#### [Required action]
Using the entries that follow, report the number of lines that include the string "White", without any other text.

#### [Dataset items]
_____
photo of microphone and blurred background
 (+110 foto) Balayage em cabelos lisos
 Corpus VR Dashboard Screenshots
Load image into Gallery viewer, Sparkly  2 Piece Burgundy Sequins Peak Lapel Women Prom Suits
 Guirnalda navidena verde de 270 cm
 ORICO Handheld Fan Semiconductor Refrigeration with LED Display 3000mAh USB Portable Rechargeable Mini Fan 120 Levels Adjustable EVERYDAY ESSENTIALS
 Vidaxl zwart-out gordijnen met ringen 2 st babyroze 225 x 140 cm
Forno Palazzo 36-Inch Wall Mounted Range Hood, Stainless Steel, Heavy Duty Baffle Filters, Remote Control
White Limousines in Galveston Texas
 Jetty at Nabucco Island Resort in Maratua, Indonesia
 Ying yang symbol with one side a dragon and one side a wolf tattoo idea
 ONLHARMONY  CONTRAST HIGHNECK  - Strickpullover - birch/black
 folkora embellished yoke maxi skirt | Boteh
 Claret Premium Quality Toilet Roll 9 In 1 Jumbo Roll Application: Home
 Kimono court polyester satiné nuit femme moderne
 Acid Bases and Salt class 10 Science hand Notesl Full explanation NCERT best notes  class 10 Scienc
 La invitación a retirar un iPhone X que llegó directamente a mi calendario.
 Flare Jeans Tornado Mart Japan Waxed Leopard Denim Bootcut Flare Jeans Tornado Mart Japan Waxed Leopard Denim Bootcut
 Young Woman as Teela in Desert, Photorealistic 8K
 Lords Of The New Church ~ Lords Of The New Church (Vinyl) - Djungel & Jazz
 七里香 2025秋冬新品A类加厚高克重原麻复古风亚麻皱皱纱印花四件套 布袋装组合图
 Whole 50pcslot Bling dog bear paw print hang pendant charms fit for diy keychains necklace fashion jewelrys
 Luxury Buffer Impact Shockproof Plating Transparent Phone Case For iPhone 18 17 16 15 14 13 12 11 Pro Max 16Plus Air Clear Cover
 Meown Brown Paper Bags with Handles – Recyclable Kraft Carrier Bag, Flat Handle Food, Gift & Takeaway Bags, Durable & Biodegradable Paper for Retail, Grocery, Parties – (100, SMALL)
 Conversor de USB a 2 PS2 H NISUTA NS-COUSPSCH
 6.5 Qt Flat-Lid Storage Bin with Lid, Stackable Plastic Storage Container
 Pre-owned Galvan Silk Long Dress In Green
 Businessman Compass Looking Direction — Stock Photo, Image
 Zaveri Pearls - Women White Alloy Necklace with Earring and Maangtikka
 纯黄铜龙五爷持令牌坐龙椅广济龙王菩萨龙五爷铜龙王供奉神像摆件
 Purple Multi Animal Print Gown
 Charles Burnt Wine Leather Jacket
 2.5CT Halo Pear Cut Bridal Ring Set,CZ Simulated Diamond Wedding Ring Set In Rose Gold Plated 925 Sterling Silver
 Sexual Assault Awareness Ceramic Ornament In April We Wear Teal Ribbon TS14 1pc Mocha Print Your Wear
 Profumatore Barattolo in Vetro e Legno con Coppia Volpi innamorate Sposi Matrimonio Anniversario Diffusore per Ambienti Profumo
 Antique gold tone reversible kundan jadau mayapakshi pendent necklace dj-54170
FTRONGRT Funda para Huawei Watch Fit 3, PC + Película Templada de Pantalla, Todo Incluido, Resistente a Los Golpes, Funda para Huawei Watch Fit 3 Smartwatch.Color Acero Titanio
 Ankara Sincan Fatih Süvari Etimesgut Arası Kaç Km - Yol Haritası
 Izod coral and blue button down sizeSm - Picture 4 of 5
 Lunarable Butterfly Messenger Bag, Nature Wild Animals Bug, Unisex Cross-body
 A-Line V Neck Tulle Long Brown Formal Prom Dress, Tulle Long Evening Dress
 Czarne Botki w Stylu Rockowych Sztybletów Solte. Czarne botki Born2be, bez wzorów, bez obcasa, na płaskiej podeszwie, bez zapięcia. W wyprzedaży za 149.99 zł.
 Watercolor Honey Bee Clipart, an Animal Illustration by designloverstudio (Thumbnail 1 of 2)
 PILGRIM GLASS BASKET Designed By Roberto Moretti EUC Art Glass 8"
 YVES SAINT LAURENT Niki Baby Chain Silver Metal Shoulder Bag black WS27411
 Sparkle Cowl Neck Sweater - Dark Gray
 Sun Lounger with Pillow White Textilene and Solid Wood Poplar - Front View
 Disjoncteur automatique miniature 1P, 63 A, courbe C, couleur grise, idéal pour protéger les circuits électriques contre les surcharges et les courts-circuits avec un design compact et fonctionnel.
_____
#### [Result of this exercise]
3